Pinole is considered by many to be one of the original survival energy foods, and it was common among many ancient Latin American and Native American civilizations.  It is very easy to make, and it only takes a small amount to leave people feeling full while producing sustained amounts of energy.  While there are variations that are still being used today, they tend to follow the same basic recipe that has been around for millennia, and you can benefit from it as well.

Base Recipe

The best way to make pinole is to use corn on the cob that has been dried out naturally.  However, you can substitute fresh kernels with frozen or canned corn as long as they have been completely-dehydrated beforehand.  Coat a skillet with some oil, or use a non-stick pan, and place it over medium heat.  Add in the kernels in a single layer, so all of them are touching the pan, and let them cook until they develop a dark brown color and swell.  Give the pan a good shake from time to time to ensure even cooking.

Next, place the kernels in a blender, coffee grinder or food processor, and process until they break down into a coarse flour.  All you need to do now is decide how you want to consume the product.  You can add 1 tablespoon of the powder to 2-3 cups of water and drink, you can make a gruel by mixing some water and powder to a pan and letting it reduce and thicken, or you can just eat it by itself and wash it down with some water as well.

All pinole recipes will expand in the stomach as the corn absorbs moisture, so it’s important to be conservative in terms of how much you consume.  Start with a couple of tablespoons at the most to avoid discomfort associated with eating too much at once.

There are lots of pinole recipes out there that build on this foundation, and it won’t be that difficult to find one that suits your tastes.  Here are two examples that are popular among athletes, hikers and wilderness explorers.

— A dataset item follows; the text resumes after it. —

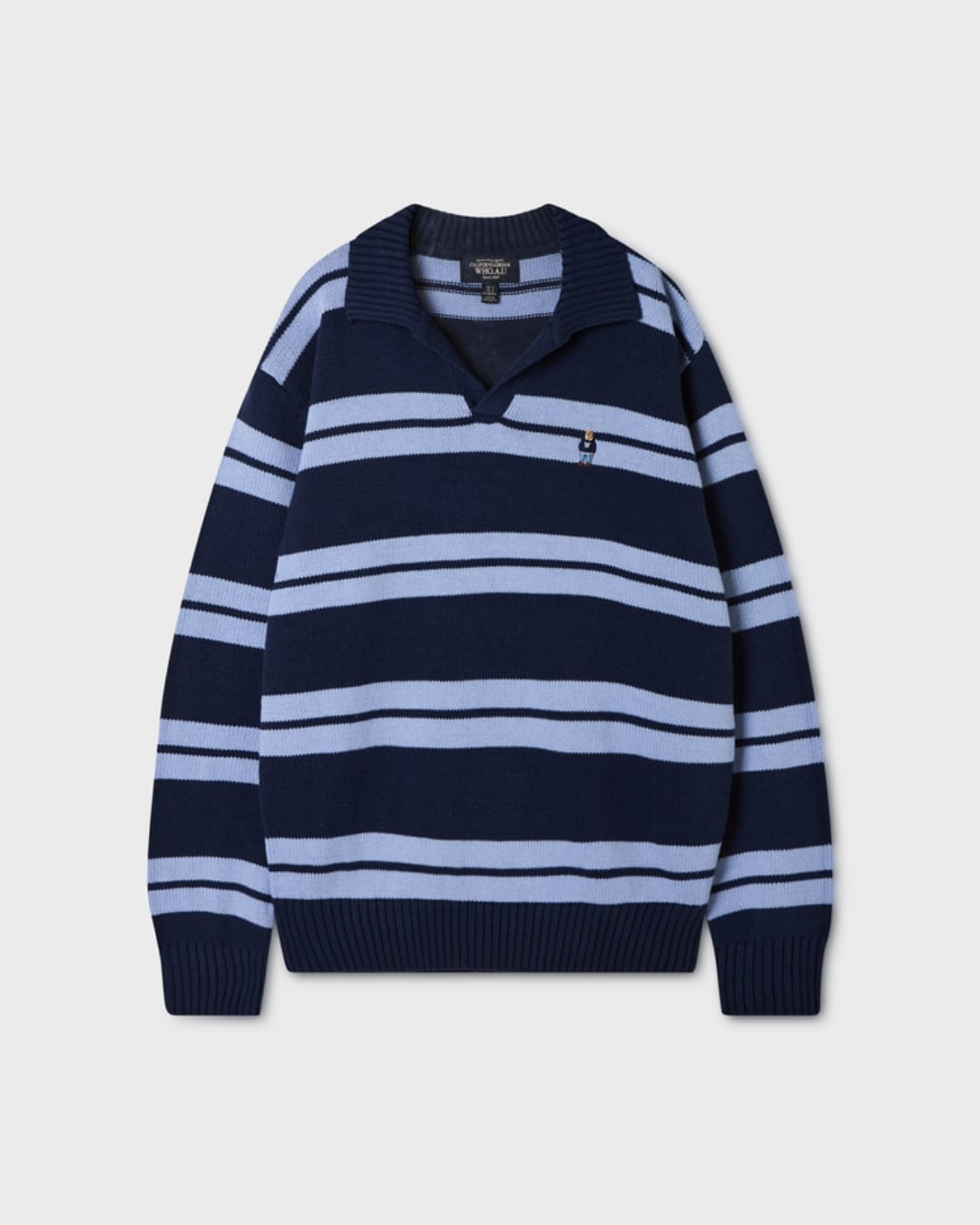 WHOAU 021 Steve Open Collar Stripe Pullover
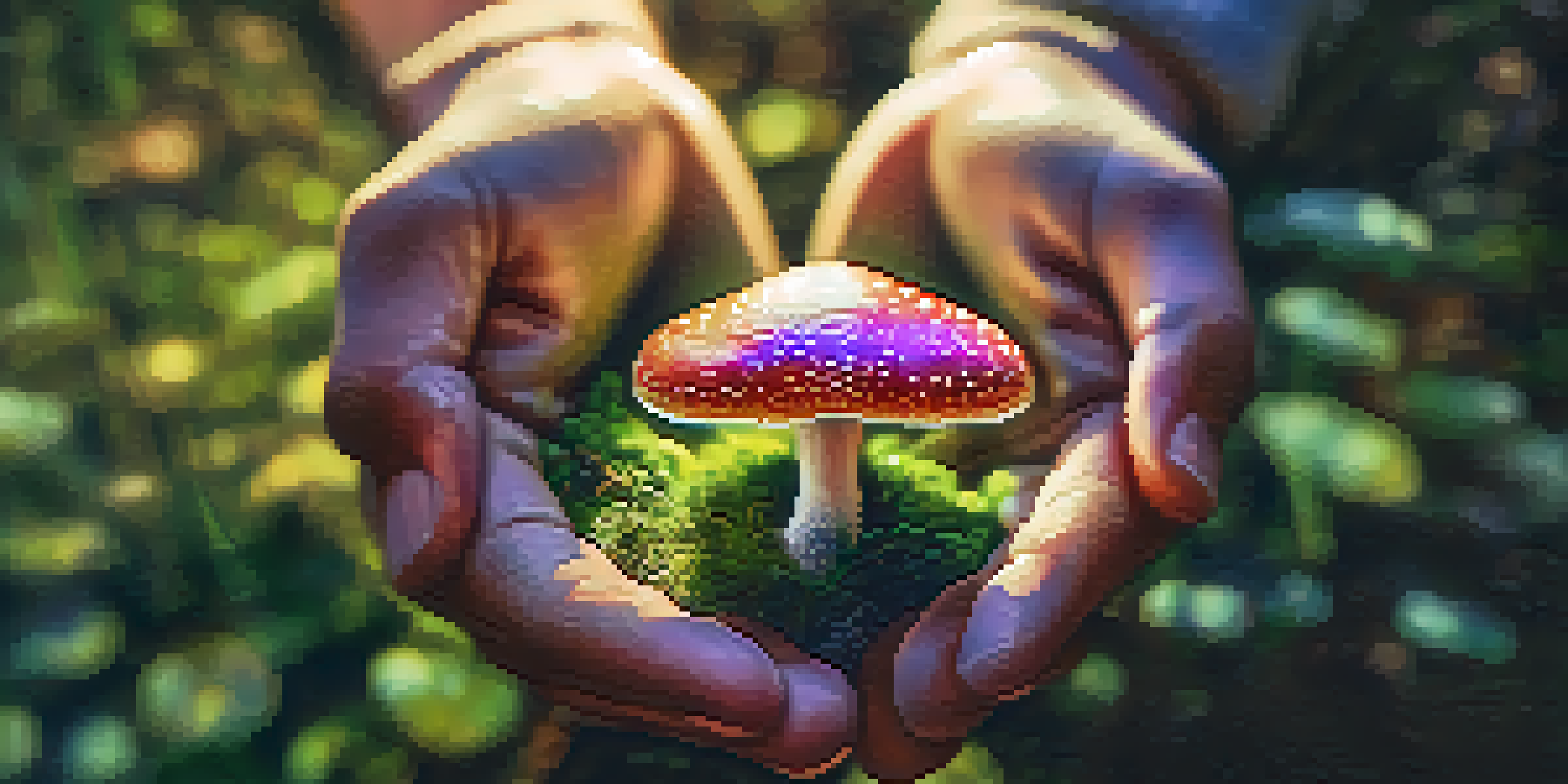 A close-up of hands holding a colorful mushroom, with a blurred natural background, symbolizing introspection and connection.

½ cup of ground pinole base

1 tablespoon of chia seeds

1 tablespoon of agave nectar, honey or brown sugar

½ teaspoon of ground cinnamon

Runner Recipe

2 cups of pinole base

¼ – ½ cup of honey

2 tablespoons of chia or hemp seeds

1 teaspoon of salt

1 tablespoon of cinnamon

You can prepare the recipes as described above, and you can also stir them in a hot pan until the mixture thickens and turns into a paste.  It can also be cooked down until nearly-dry and cut or shaped into smaller pieces.

No matter how you decide to make pinole, it’s definitely worth trying for yourself.  Few alternatives will give you access to so much energy for so little effort, and it tastes pretty good as well.  Legend has it that ancient hunters and athletes were able to run in excess of 50 miles at a time simply by fueling up on pinole.  Just imagine what this simple food can do for you now, as well as in the midst of a crisis.